Walker knows, of course, that in America today the gunning down of a black man – whether it’s by the police or by someone else – is an event that is all too frequently passed over. It is something often witnessed but regularly ignored by the media and swept, with practiced swiftness, out of sight by police and courts. It is 62 years since the murder of Emmett Till energised what would become America’s Civil Rights Movement and four years since the acquittal of Trayvon Martin’s killer sparked the birth of Black Lives Matter movement, but the outrage and attention won by these high-profile cases remain exceptions, despite the best efforts of generations of protesters. Injustice and death remain everyday realities and, in most cases, the profound silence persists.
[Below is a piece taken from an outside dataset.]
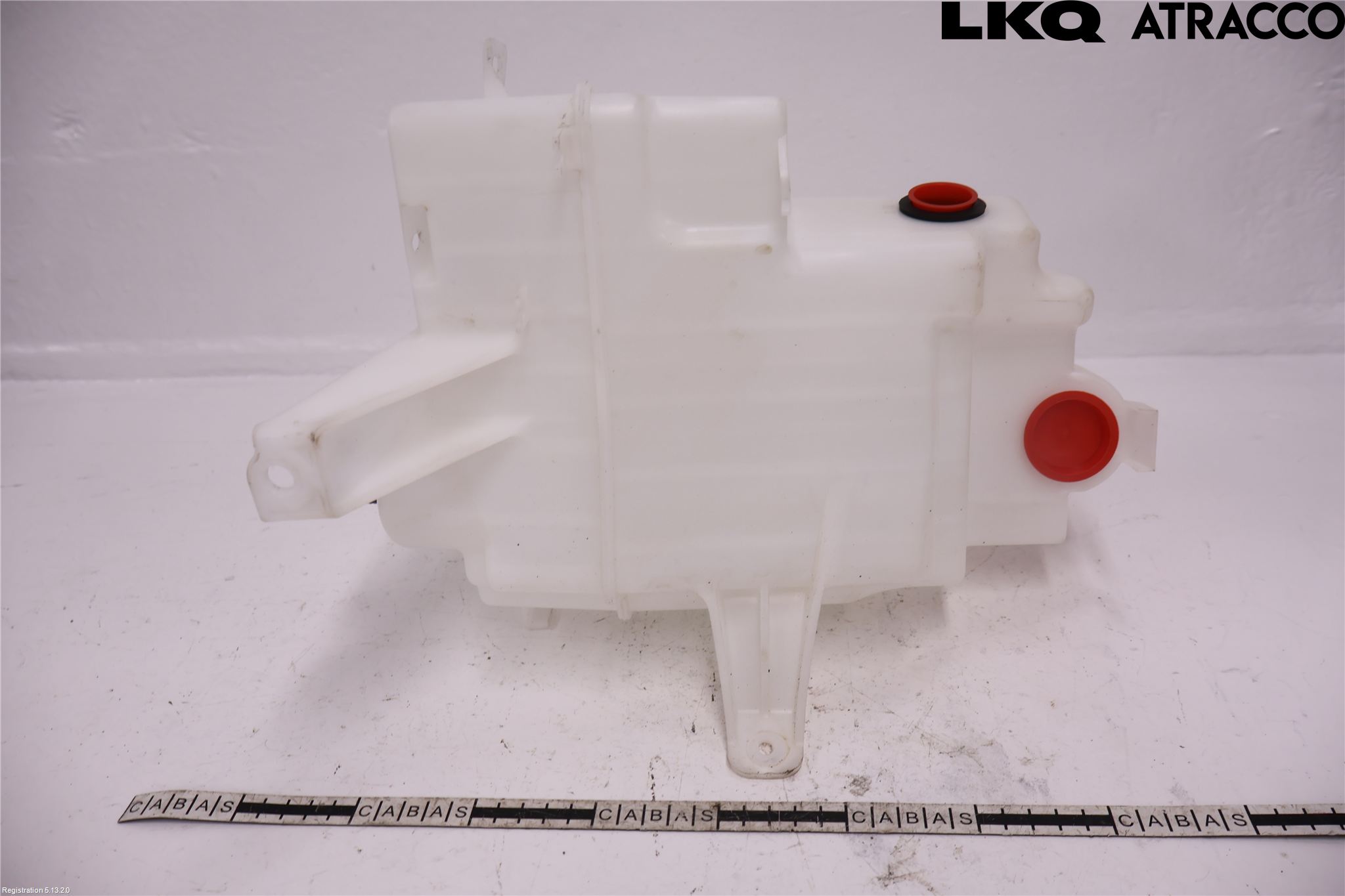 Toyota RAV4 13-18 Spylerbeholder Frontrute-Lykte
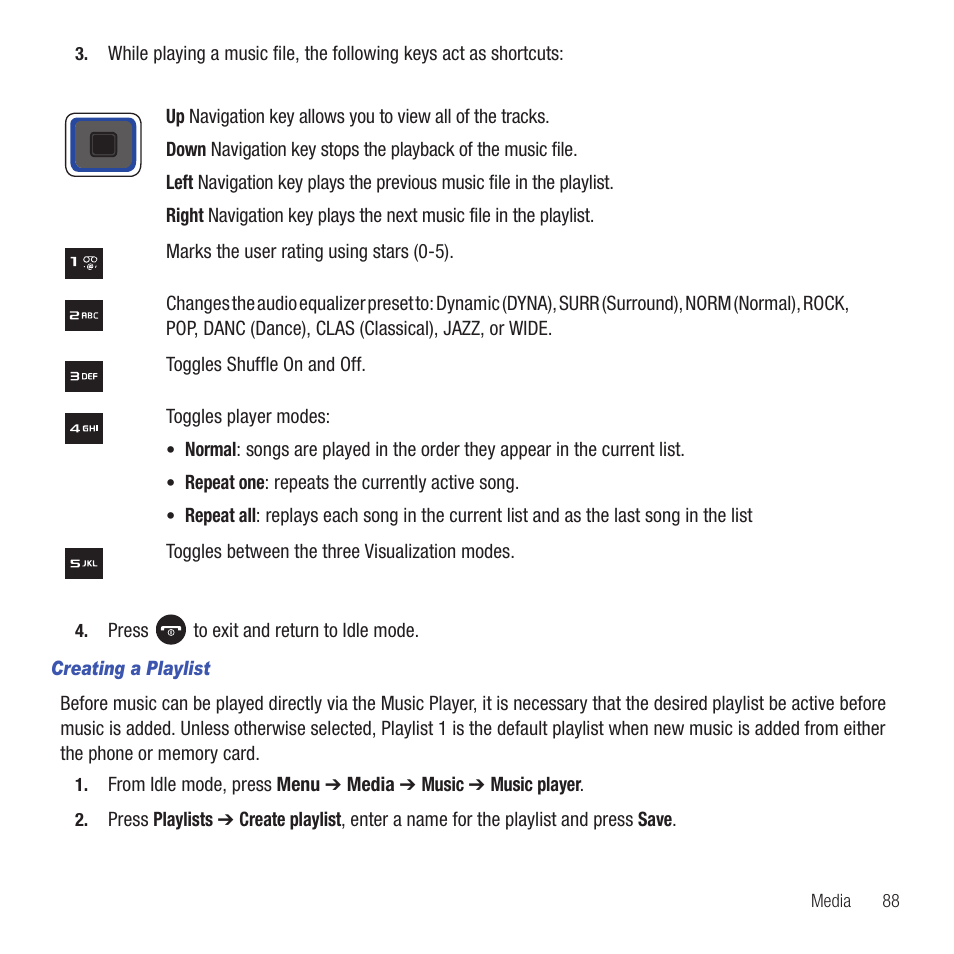 Samsung SGH-T479RNATMB User Manual | Page 91 / 167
Young black men are five times more likely to be killed by a gun in America than white men and while white gun deaths are overwhelmingly suicides (77%), black deaths are overwhelmingly homicide (82%), according to America’s Centre for Disease Control and Prevention. As I write this (almost at the end of December) The Washington Post has recorded 971 police killings in America in 2017 – over 40% of these incidents have seen black or Hispanic men killed, despite this group making up only around one in ten of the American population.

The casual disposal of Raymond Kane is art reflecting reality in an era when a statement like “black lives matter” can somehow become controversial and divisive. Given the themes Walker has explored with this Nighthawk there could, in retrospect, hardly have been a more truthful or more timely statement for an African-American comic book writer to make than to gun down a contemporary black superhero without fuss or hype. There is no magical resurrection, no investigation, no consequences and no sombre funeral oration from Captain America or Tony Stark. Raymond Kane’s murder goes almost unnoticed, unmentioned by all but his closest friend. It hardly mattered to Raymond Kane that Hydra happened to control America’s government at the moment he was shot, as Tilda points out: “simply being a black man” was enough to seal his fate. The more I think about it the braver and more essential a piece of writing these seemingly throwaway panels become.

So, farewell Raymond Kane. In dying, almost unnoticed, you became something no one else in a Nighthawk costume has ever been: you were important.